DATA SECTION:
----------------------------------------
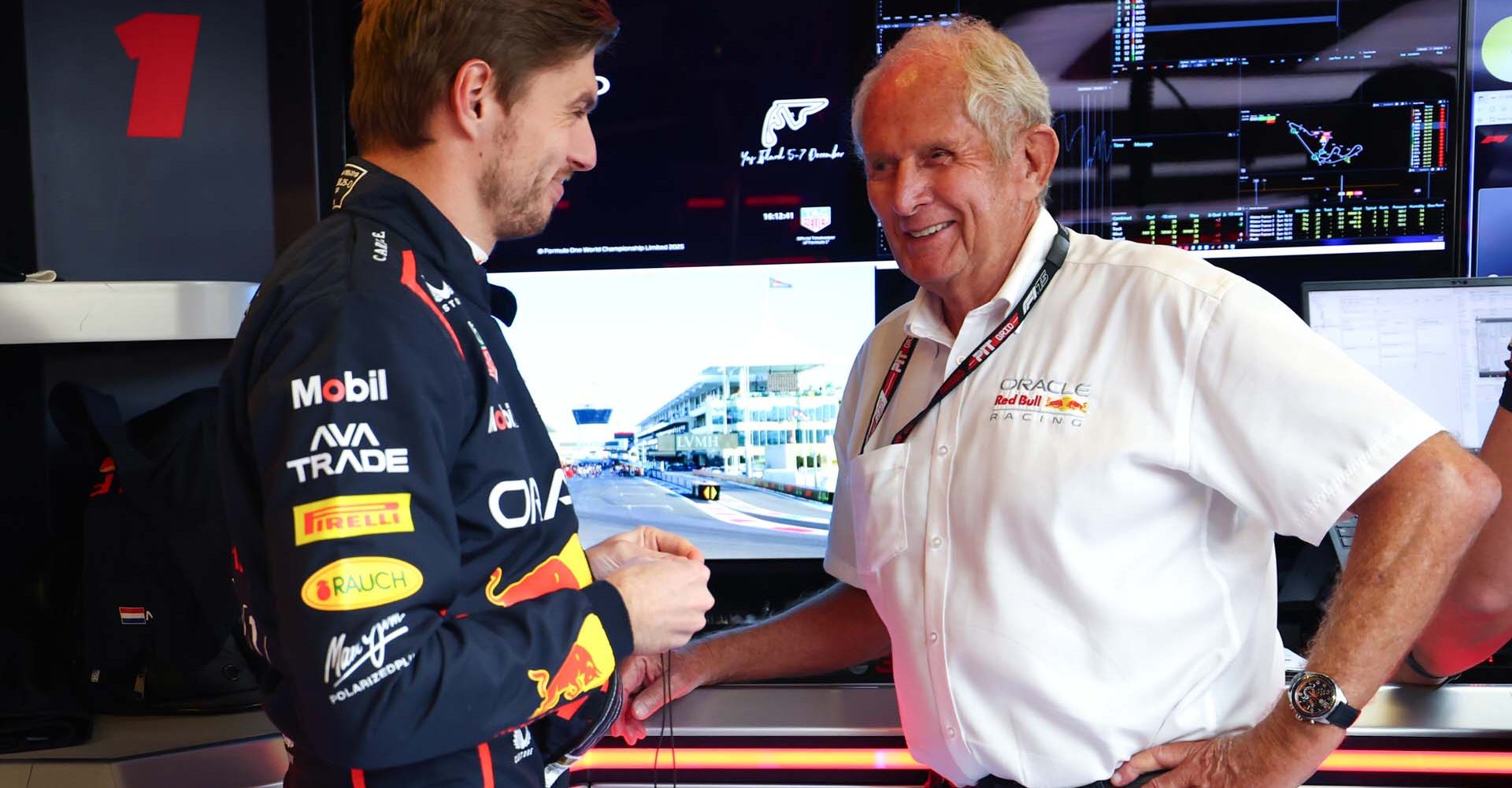 ABU DHABI, UNITED ARAB EMIRATES - DECEMBER 07: Max Verstappen of the Netherlands and Oracle Red Bull Racing and Dr Helmut Marko, Team Consultant of Oracle Red Bull Racing talk in the garage prior to the F1 Grand Prix of Abu Dhabi at Yas Marina Circuit on December 07, 2025 in Abu Dhabi, United Arab Emirates. (Photo by Mark Thompson/Getty Images) // Getty Images / Red Bull Content Pool // SI202512070113 // Usage for editorial use only //
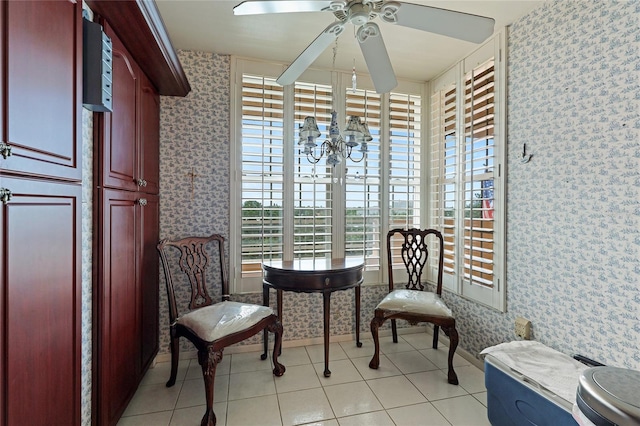 sitting room featuring light tile patterned flooring and ceiling fan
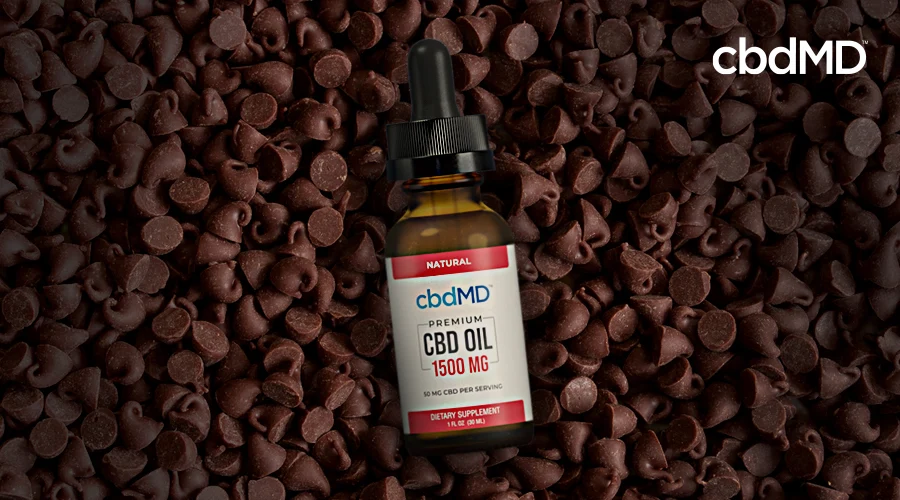 A 1500 mg bottle of cbd oil tincture from cbdmd sits among a pile of chocolate chips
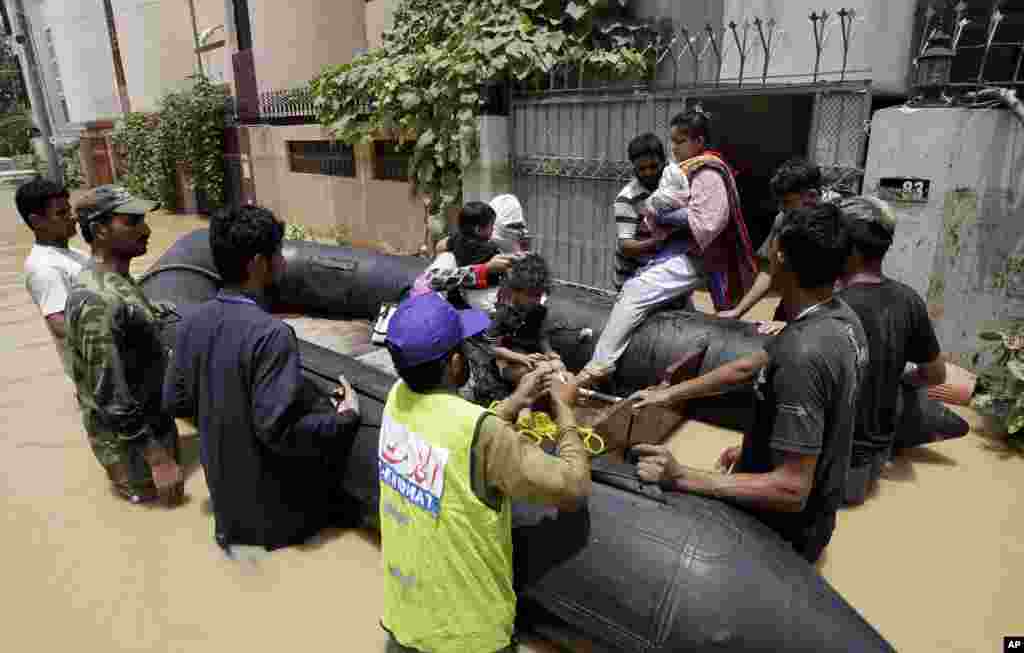 Pakistani soldiers rescue a family from an area flooded by heavy rains on the outskirts of Karachi, Pakistan, August 4, 2013.&nbsp;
----------------------------------------
Pictures aside, print every line of the material exactly.

ANSWER TO THIS EXERCISE:
 ABU DHABI, UNITED ARAB EMIRATES - DECEMBER 07: Max Verstappen of the Netherlands and Oracle Red Bull Racing and Dr Helmut Marko, Team Consultant of Oracle Red Bull Racing talk in the garage prior to the F1 Grand Prix of Abu Dhabi at Yas Marina Circuit on December 07, 2025 in Abu Dhabi, United Arab Emirates. (Photo by Mark Thompson/Getty Images) // Getty Images / Red Bull Content Pool // SI202512070113 // Usage for editorial use only //
 sitting room featuring light tile patterned flooring and ceiling fan
 A 1500 mg bottle of cbd oil tincture from cbdmd sits among a pile of chocolate chips
 Pakistani soldiers rescue a family from an area flooded by heavy rains on the outskirts of Karachi, Pakistan, August 4, 2013.&nbsp;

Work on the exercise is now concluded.